A tax rebel: my saga for 15 years-1969 (25-26)
Inside the (my) world as a tax rebel
My saga as a tax rebel lasted 15 years, with a happy ending, believe it or not. I could say that I backed into being a “tax rebel,” since once I quit IBM and started working for myself there were no easy income records for the IRS to get as there were when IBM filed a “W-2 Wage and Tax Statement” letting them know what they had paid me and what portion had been deducted to help satisfy my tax obligations. Also, at that time, I had very bad habits of recording my income and expenses. Nothing was withheld and, except for an occasional 1099 form that a client might submit, the IRS had no record of my income.
Being a Libertarian "made me do it"
However, even those “excuses” would have not been enough if it hadn’t been for my Libertarian leanings that had me regard taxation as “legalized theft.” With my Libertarian connections I knew of a Libertarian subculture that practiced and promoted tax rebellion, not in the form of “cheating,” like many people did it, but by using the law, at least one interpretation of it, to refuse to pay income taxes.
"I plead the Fifth"
It was probably for the year 1969 that I first filed the IRS 1040 form, along with similar income tax forms for the State of New York and New York City, using the “Fifth Amendment” argument against self-incrimination, which included, “No person…shall be compelled in any criminal case to be a witness against himself,...” The IRS and other taxing agencies can and do use information provided on tax forms to bring criminal charges against those who provide that information.

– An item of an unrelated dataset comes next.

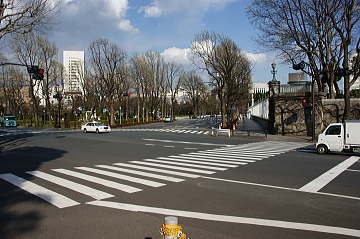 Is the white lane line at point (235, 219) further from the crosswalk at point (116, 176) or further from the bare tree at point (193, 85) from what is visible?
the bare tree at point (193, 85)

Why others don't know about this?
So it seemed obvious to me that providing any such information on tax forms that could potentially be used in a criminal prosecution could only be compelled by those taxing agencies if they were willing to specify in writing in advance that no part of any such information provided could be used for possible future prosecution. Of course, no taxing agency would ever consider doing such a thing. They just want you to remain unaware that you had a right to plead "The Fifth" in protecting yourself against possible criminal prosecution by providing information on your tax forms.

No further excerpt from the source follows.